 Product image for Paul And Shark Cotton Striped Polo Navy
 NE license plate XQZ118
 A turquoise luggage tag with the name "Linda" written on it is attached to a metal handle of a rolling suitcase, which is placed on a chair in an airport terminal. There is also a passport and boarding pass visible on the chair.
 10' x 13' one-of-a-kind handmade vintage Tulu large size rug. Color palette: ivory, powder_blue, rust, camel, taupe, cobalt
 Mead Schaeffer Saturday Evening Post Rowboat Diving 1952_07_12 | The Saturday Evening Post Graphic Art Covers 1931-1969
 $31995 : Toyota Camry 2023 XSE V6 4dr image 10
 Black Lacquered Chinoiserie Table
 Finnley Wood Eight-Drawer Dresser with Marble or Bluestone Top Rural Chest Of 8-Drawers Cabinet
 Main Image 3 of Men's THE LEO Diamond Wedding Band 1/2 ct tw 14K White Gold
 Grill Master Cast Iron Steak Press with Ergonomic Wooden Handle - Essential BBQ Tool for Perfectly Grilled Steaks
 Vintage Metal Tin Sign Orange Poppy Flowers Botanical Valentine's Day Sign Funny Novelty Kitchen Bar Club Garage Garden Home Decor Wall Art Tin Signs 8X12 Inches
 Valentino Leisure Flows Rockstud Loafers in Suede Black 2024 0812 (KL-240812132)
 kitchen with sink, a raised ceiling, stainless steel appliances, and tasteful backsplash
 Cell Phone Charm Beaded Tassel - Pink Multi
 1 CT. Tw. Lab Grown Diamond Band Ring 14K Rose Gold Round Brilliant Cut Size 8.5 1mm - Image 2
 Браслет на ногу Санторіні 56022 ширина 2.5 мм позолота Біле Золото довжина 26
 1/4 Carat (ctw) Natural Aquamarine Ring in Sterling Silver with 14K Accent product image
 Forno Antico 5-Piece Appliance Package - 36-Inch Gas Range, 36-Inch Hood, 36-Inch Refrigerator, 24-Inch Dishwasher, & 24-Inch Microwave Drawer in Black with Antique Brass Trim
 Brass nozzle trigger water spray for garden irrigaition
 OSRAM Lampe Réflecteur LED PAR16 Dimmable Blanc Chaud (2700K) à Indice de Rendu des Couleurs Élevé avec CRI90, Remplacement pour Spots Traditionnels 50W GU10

###

- **WHAT YOU HAVE TO DO**:
A faithful, complete copy of the entries above is required.

- **SOLVED PROBLEM**:
 Product image for Paul And Shark Cotton Striped Polo Navy
 NE license plate XQZ118
 A turquoise luggage tag with the name "Linda" written on it is attached to a metal handle of a rolling suitcase, which is placed on a chair in an airport terminal. There is also a passport and boarding pass visible on the chair.
 10' x 13' one-of-a-kind handmade vintage Tulu large size rug. Color palette: ivory, powder_blue, rust, camel, taupe, cobalt
 Mead Schaeffer Saturday Evening Post Rowboat Diving 1952_07_12 | The Saturday Evening Post Graphic Art Covers 1931-1969
 $31995 : Toyota Camry 2023 XSE V6 4dr image 10
 Black Lacquered Chinoiserie Table
 Finnley Wood Eight-Drawer Dresser with Marble or Bluestone Top Rural Chest Of 8-Drawers Cabinet
 Main Image 3 of Men's THE LEO Diamond Wedding Band 1/2 ct tw 14K White Gold
 Grill Master Cast Iron Steak Press with Ergonomic Wooden Handle - Essential BBQ Tool for Perfectly Grilled Steaks
 Vintage Metal Tin Sign Orange Poppy Flowers Botanical Valentine's Day Sign Funny Novelty Kitchen Bar Club Garage Garden Home Decor Wall Art Tin Signs 8X12 Inches
 Valentino Leisure Flows Rockstud Loafers in Suede Black 2024 0812 (KL-240812132)
 kitchen with sink, a raised ceiling, stainless steel appliances, and tasteful backsplash
 Cell Phone Charm Beaded Tassel - Pink Multi
 1 CT. Tw. Lab Grown Diamond Band Ring 14K Rose Gold Round Brilliant Cut Size 8.5 1mm - Image 2
 Браслет на ногу Санторіні 56022 ширина 2.5 мм позолота Біле Золото довжина 26
 1/4 Carat (ctw) Natural Aquamarine Ring in Sterling Silver with 14K Accent product image
 Forno Antico 5-Piece Appliance Package - 36-Inch Gas Range, 36-Inch Hood, 36-Inch Refrigerator, 24-Inch Dishwasher, & 24-Inch Microwave Drawer in Black with Antique Brass Trim
 Brass nozzle trigger water spray for garden irrigaition
 OSRAM Lampe Réflecteur LED PAR16 Dimmable Blanc Chaud (2700K) à Indice de Rendu des Couleurs Élevé avec CRI90, Remplacement pour Spots Traditionnels 50W GU10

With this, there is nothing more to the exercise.